Last year, I wrote about a dubious but creative argument by a respondent that a party’s submission to a tentative ruling on a motion forfeited that party’s right to challenge the motion ruling on appeal. As you might remember, that went nowhere.
The latest creative (and dubious) use on appeal of a tentative ruling — again unsuccessful — comes in Meddock v. County of Yolo, case no. C070262 (3d Dist., filed Sept. 10, 2013, ordered published October 4, 2013). Meddock appealed from a summary judgment for the defendant. His argument on how the tentative ruling on the defendant’s summary judgment motion should play into the appellate court’s analysis, and the court’s rejection of that argument, appear in footnote 4 of the opinion:
Quoting the generality that “doubts” about summary judgment should be resolved against granting it (see, e.g., Hamburg v. Wal-Mart Stores, Inc. (2004) 116 Cal.App.4th 497, 502 (Hamburg)) and noting that the tentative ruling was in his favor, Meddock asserts the trial court must have had doubts, and therefore summary judgment was improper. Meddock cites no authority to support this argument. To agree with his argument would defeat the purpose of tentative rulings, that is, to focus the parties on the dispositive issues before the court (see Younger, Cal. Motions (2011–2012) Tentative Rulings, § 4.53, p. 132) and would preclude us from exercising our independent review to determine whether triable issues of fact exist. (See Hamburg, supra, 116 Cal.App.4th at pp. 502–503.) Moreover, the theory on which the tentative ruling was based — that the pavement contributed to the accident — has been abandoned by Meddock, as we have explained ante.

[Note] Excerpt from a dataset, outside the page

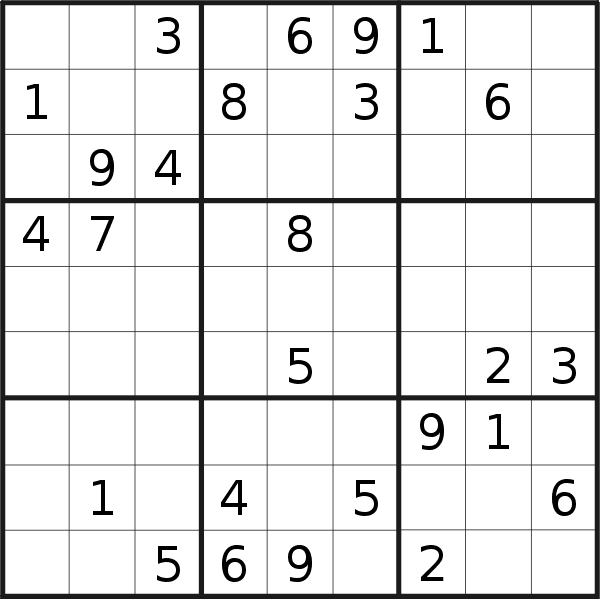 Sudoku puzzle for <br />Thursday, 14th of February 2019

To my mind, the court should have given more emphasis to the point that the appellant’s argument is inconsistent with the independent review of a summary judgment. It does make the point, noting that accepting the appellant’s argument “would preclude us from exercising our independent review to determine whether triable issues of fact exist” — another way of saying that the trial court’s doubts are irrelevant because the trial court’s exercise of discretion is not at issue in the independent review afforded a summary judgment — but it is a shame to see the point buried in the middle of the footnote. As correct as the other points in the footnote may be, they are just gravy.
The other appellate lessons in this case have nothing to do with the trial court’s tentative ruling, but it is unusual to see so many strung together in one case:
- Make it or waive it. Meddock had multiple arguments he could have made in opposition to summary judgment, but explicitly disclaimed several at the summary judgment hearing and made no attempt to argue them on appeal, so they were deemed abandoned.
- Watch what you concede on a summary judgment motion. Parties sometimes concede facts on summary judgment knowing that the concession will not bind them at trial. But why do so when the moving party fails to provide supporting evidence for them? Here, the decision notes that both sides made unsupported factual assertions, but the court accepted them as true since the parties agreed on them.
- Keep your standards of review straight. Appellant wasn’t the only party to advance an argument inconsistent with the standard of review. The respondent argued that evidentiary gaps in the record must be construed in its favor. This argument apparently relied on the general rule that an appellate court “must draw reasonable evidentiary inferences in favor of the judgment,” but that rule has no application in the independent review afforded a summary judgment.